The partnership will seek to “introduce an energy storage system with the highest Round Trip Efficiency (RTE) ever,” of 100%, the company said.

In the context of energy storage, round-trip efficiency means the fraction of energy put into storage that can be retrieved.

Nostromo’s core product is its IceBrick, a modular, encapsulated ice cold behind-the-meter energy storage system which enables rapid freezing at high temperature. Its primary use case is to replace building cooling. It cools water into stored ice during off-peak electricity demand periods, and uses it to cool a building’s circulated water at peak hours.

It claims 86-92% thermal round-trip efficiency, 85% full cycle round-trip efficiency, 94% depth of discharge with a four-hour cycle, and less than 1% degradation over a 20 years. Energy-storage.news interviewed its founder and CTO Yaron Ben Nun last year shortly after a stock market listing.

The partnership between the two companies involves the establishment of a lab to develop operating protocols for both companies’ systems to optimise each other’s performance.
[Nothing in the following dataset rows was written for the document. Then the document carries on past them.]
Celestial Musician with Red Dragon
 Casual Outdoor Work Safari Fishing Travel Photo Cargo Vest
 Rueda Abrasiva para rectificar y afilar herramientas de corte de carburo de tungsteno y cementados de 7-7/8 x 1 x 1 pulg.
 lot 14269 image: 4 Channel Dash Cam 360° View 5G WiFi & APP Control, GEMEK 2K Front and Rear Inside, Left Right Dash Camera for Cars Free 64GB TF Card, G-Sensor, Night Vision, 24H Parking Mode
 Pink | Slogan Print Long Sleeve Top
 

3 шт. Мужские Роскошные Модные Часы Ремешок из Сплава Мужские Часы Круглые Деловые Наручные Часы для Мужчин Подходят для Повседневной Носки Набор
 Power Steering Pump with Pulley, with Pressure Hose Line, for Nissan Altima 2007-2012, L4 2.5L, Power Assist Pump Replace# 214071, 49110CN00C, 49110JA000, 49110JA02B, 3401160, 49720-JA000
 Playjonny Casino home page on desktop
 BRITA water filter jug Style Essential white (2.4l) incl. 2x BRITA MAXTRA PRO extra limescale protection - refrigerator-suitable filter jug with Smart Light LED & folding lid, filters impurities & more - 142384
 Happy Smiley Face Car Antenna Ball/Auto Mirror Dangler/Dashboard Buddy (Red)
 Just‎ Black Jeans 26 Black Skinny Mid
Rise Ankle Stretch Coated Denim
Norway-based molten salt battery group expands into Spain

Meanwhile, Norway-based thermal battery producer Kyoto Group AS has acquired Mercury Energy, a company based in Spain holding a number of intellectual property rights (IPRs) related to the development of thermal energy storage. Mercury will be renamed Kyoto Technology Spain.

The announcement provides little additional information about Mercury Energy. It says the seller is Andres Barros Borrero, who also owns international energy consultancy company RPOW Consulting with whom Kyoto Group has an existing relationship related to the development of its Heatcube product.

He will be paid an initial cash consideration and additional compensation upon achieving milestones linked to future commercialisation of Heatcubes in Spain up until 1 January 2026, paid as shares in Kyoto Group AS.

The Heatcube is a molten salt-based battery which can be configured with capacities from 4 MWh to over 100 MWh, and with discharge load up to 25 MW. It started a pilot battery in February 2020 which is now dimensioned for loads up to 1MW.

It claims an energy efficiency with a thermal energy only discharge of 90%, while 65% thermal and 25% electric power can be extracted from the battery in a combined heat and power configuration (CHP).

The company listed on the Euronext stock exchange in March last year.